A estratégia de Kaiser era simples, mas eficaz. Ele se destacava nos treinos físicos solo, justificando que precisava recuperar o preparo físico. Quando chegava o momento dos treinos coletivos, frequentemente alegava uma lesão muscular súbita, o que o impedia de ser escalado. Seu carisma e a habilidade de tecer redes sociais garantiram que ele mantivesse contato com diferentes figuras do futebol, incluindo jogadores renomados e jornalistas que, muitas vezes, publicavam histórias fabricadas sobre suas supostas façanhas.
Quais táticas ele empregou para prolongar sua carreira?
Entre diversas táticas utilizadas, o fingimento de não entender inglês era uma delas, o que dificultava a identificação de suas fraudes. Em uma ocasião enquanto estava no Botafogo, um médico que falava inglês desmascarou uma de suas mentiras. Kaiser também era conhecido por criar propostas simuladas de clubes estrangeiros usando um telefone falso para convencer os clubes locais a mantê-lo no time. Durante suas estadias nos clubes, evitava qualquer situação que pudesse evidenciar seu desempenho real, como em sua breve passagem pelo Gazélec Ajaccio, onde preferiu chutar bolas nas arquibancadas em vez de mostrá-las em campo.

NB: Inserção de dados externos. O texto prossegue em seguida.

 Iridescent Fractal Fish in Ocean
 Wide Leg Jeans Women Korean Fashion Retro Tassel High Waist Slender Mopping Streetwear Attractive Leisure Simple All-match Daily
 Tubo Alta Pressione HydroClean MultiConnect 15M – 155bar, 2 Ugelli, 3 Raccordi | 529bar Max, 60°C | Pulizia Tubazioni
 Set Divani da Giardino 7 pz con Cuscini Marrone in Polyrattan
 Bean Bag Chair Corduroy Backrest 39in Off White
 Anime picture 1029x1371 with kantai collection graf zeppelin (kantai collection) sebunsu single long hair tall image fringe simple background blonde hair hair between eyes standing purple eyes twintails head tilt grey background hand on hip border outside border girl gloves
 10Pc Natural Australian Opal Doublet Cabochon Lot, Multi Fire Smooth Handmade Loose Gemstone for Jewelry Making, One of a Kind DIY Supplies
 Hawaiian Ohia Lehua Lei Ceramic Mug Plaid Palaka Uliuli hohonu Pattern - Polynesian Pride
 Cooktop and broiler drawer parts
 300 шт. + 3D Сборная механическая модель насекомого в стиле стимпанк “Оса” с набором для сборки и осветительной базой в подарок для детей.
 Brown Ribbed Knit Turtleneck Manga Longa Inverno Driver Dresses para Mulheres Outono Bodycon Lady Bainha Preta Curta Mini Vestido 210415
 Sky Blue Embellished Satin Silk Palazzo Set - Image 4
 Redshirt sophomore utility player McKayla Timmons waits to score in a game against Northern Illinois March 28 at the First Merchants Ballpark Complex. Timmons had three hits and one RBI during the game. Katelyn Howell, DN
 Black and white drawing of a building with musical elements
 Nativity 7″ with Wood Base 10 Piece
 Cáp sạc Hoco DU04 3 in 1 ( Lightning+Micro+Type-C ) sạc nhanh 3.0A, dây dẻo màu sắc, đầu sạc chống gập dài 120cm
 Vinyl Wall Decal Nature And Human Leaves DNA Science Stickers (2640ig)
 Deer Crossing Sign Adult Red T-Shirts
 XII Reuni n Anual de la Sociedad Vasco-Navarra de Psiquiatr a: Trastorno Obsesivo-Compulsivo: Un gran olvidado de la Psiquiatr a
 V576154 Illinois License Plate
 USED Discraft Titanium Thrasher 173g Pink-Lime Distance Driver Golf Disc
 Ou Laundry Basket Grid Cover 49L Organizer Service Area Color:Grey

- Simulação de lesões constantes
- Criação de histórias fictícias com apoio da mídia
- Utilização de mecanismos sociais para ganhar aceitação no clube
Quais as consequências de suas ações no mundo do futebol?
A lenda de Carlos Kaiser seria cômica, se não revelasse falhas estruturais dos clubes da época. Com pouca tecnologia disponível para identificar lesões e uma comunicação ainda incipiente entre clubes de diferentes regiões, Kaiser explorou essas brechas para realizar seu sonho de viver como um futebolista sem a obrigação de entrar em campo. Suas ações levantam discussões sobre a gestão dos clubes de futebol e mostram como o carisma e a astúcia podem transcender o talento técnico em alguns contextos específicos.
Em 2018, a verdadeira história de Kaiser foi documentada no filme “Kaiser! O maior futebolista a nunca jogar futebol”, um registro que imortaliza uma trajetória sui generis no esporte. Kaiser afirmava preferir o estilo de vida dos jogadores à prática do futebol em si, vivendo da fama, do glamour e das relações que o esporte proporcionava. Assim, ele se torna um exemplo do poder da palavra e da imagem sobre a realidade em um mundo onde o futebolista deveria ser, acima de tudo, o protagonista no gramado.